Career within Commonwealth

Elizabeth Martha Anne (Pattie) Deakin (nee Browne) was born on 1 January 1863 at Camp Hill, Tullamarine in Victoria.  She was the fifth of eleven children (and the eldest daughter) of Hugh Junor and Elizabeth (Turner) Browne.  Educated by governesses until she was twelve, Pattie Deakin was then transferred to Mrs Phillippa Jones’ Grantown House.  There she studied to matriculation, but did not sit the exam.

In 1877 at the Spiritualist Sunday school known as the Progressive Lyceum Pattie Deakin met her future husband, Alfred Deakin who served three terms as Prime Minister (24 September 1903 – 27 April 1904, 5 July 1905 – 13 November 1908, 2 June 1909 – 29 April 1910).  They married on 3 April 1882 and had three children, Ivy (14 July 1883), Stella (3 June 1886), and Vera (15 December 1891).

Pattie Deakin travelled widely with her husband and family.  Near the end of 1884 she and Ivy accompanied Alfred Deakin to California where he was to study irrigation and water conservation techniques.  They returned to California in 1915 to attend the Panama-Pacific exposition, this time with Vera.  The family also joined Alfred Deakin in London in 1900 to see the passing of the Constitution Bill through the House of Commons.  Pattie Deakin was well-received in London at the Imperial Conference in January 1907 where she gave her first public speech to the Primrose League. 

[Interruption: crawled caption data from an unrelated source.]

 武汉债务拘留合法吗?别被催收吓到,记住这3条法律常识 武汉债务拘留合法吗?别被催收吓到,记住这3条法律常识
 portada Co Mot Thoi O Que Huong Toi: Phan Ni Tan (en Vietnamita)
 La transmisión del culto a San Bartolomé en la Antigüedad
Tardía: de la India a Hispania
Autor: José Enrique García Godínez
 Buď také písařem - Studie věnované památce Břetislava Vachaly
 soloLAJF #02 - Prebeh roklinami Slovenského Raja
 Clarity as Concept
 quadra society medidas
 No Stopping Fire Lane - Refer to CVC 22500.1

On her return to Australia she became committee chairwoman of the very successful Australian Exhibition of Women’s Work.  Over the ensuing years Pattie Deakin became increasingly involved in charitable organisations, particularly those concerned with the welfare of women, children and the families of returned soldiers.  She was president of the Kindergarten Union and heavily involved in the Association of Creches and the Bush Nursing Association.  She was invited to become the first president of the Lyceum Club for high achieving women and, with Ivy, was co-founder of the women’s committee of the Commonwealth Liberal Party.

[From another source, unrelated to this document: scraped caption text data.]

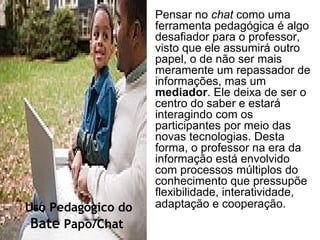 Pensar no chat como uma
ferramenta pedagógica é algo
desafiador para o professor,
visto que ele assumirá outro
papel, o de não ser mais
meramente um repassador de
informações, mas um
mediador. Ele deixa de ser o
centro do saber e estará
interagindo com os
participantes por meio das
novas tecnologias. Desta
forma, o professor na era da
informação está envolvido
com processos múltiplos do
conhecimento que pressupõe
flexibilidade, interatividade,
adaptação e cooperação.Uso Pedagógico do
Bate Papo/Chat
 
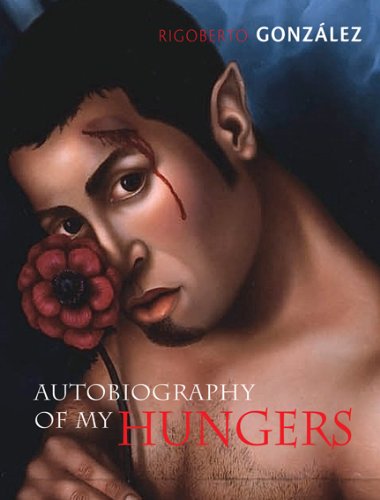Autobiography of My Hungers   2013 9780299292508 Front Cover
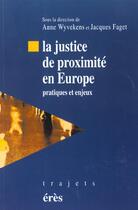 Couverture du livre « Justice de proximite en europe » de Anne Wyvekens aux éditions Eres
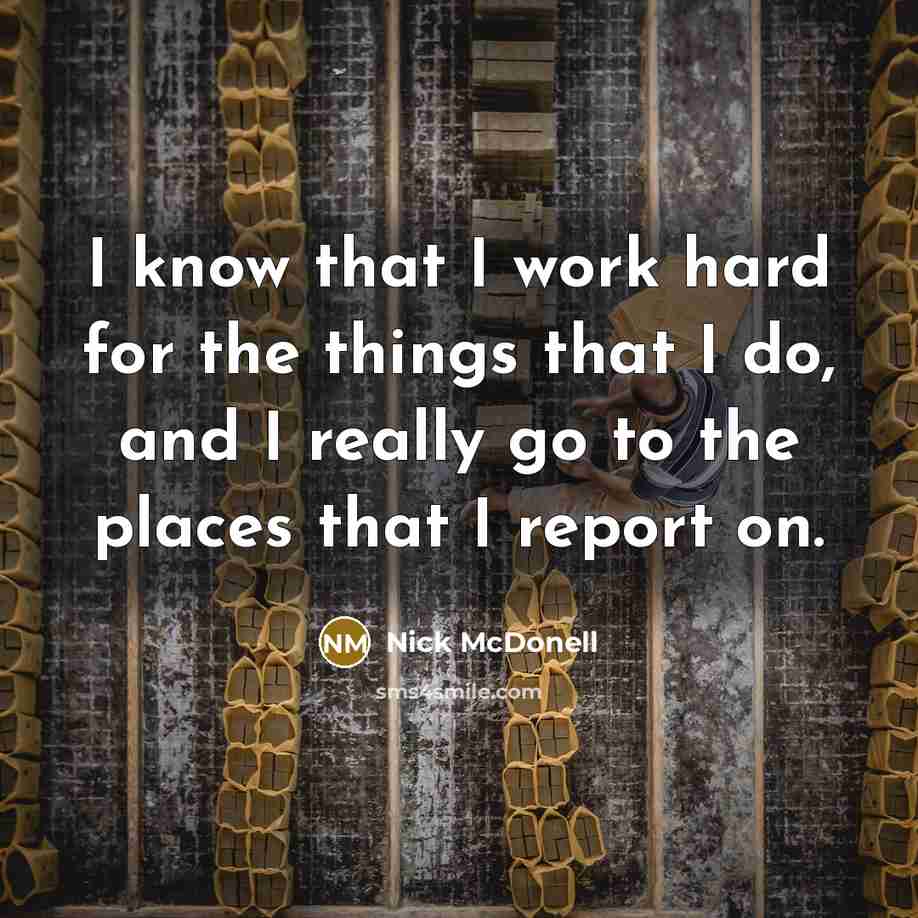 “I know that I work hard for the things that I do, and I really go to the places that I report on.” quote by Nick McDonell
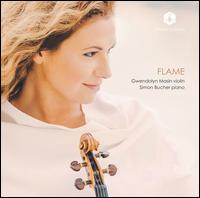 Flame - Gwendolyn Masin (violin); Simon Bucher (piano)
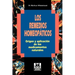 Los Remedios Homeopaticos Origen y Aplicacion de los Medicamentos Naturales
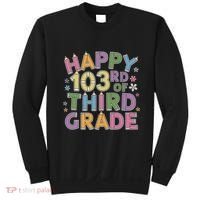 Happy 103rd Day Of 3rd Grade Happy 100 Days Of School Sweatshirt thumb 0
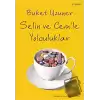 Selin ve Cem’le Yolculuklar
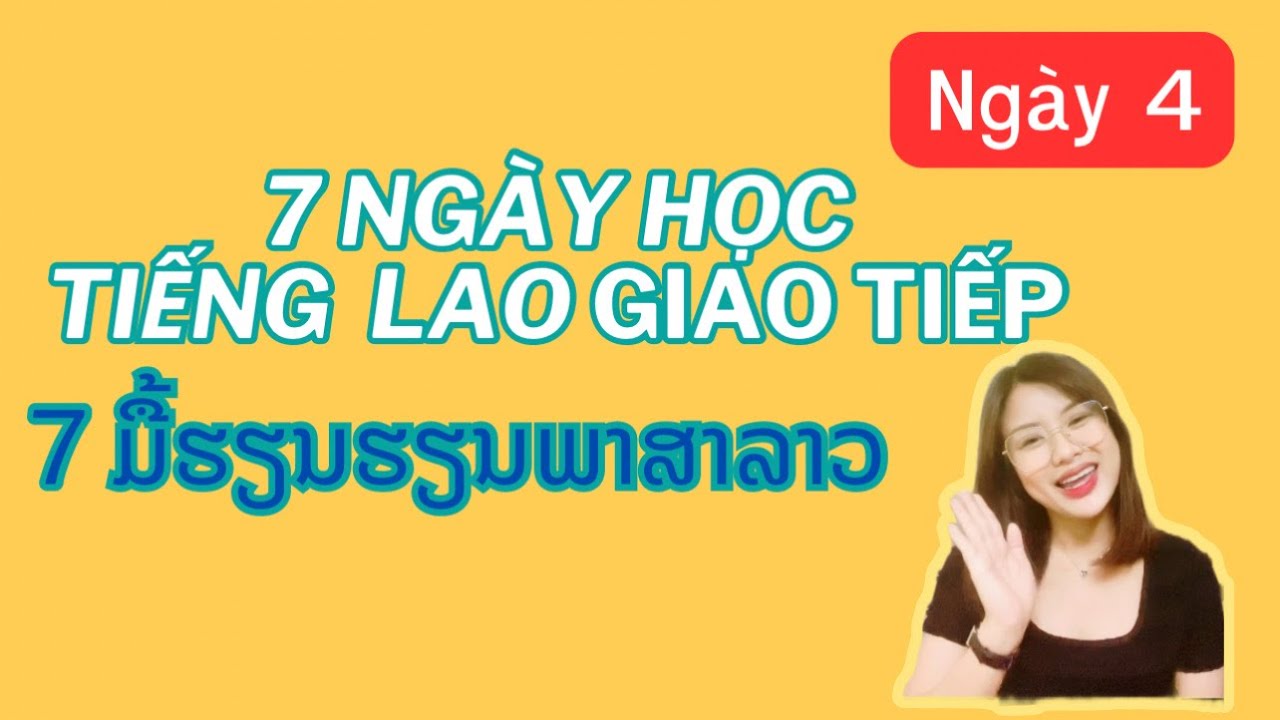 7 Ngày học tiếng Lào giao tiếp - Ngày thứ 04 - Số Đếm - 7 ມື້ຮຽນພາສາລາວສົນທະນາ ມື້ທີ່ 04 ໂຕເລກ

Despite years of ill health and her husband’s retirement from politics, Pattie Deakin remained active in public life.  As a member of the National Council of Women, she lobbied for better conditions for children in the care of the state.  In honour of her years of tireless service Pattie Deakin was made a life vice-president of the Melbourne District Nursing Society and the Victorian Playground Association, of which she had been a founding member.

During the war years Pattie Deakin became organiser of the Anzac Buffet, which provided refreshments, clothing and care for returned soldiers and their families.  She was the only female member of the AIF Canteens Fund Trust and was granted the Award of Merit by both the Federal and State members of the returned soldiers’ organisations.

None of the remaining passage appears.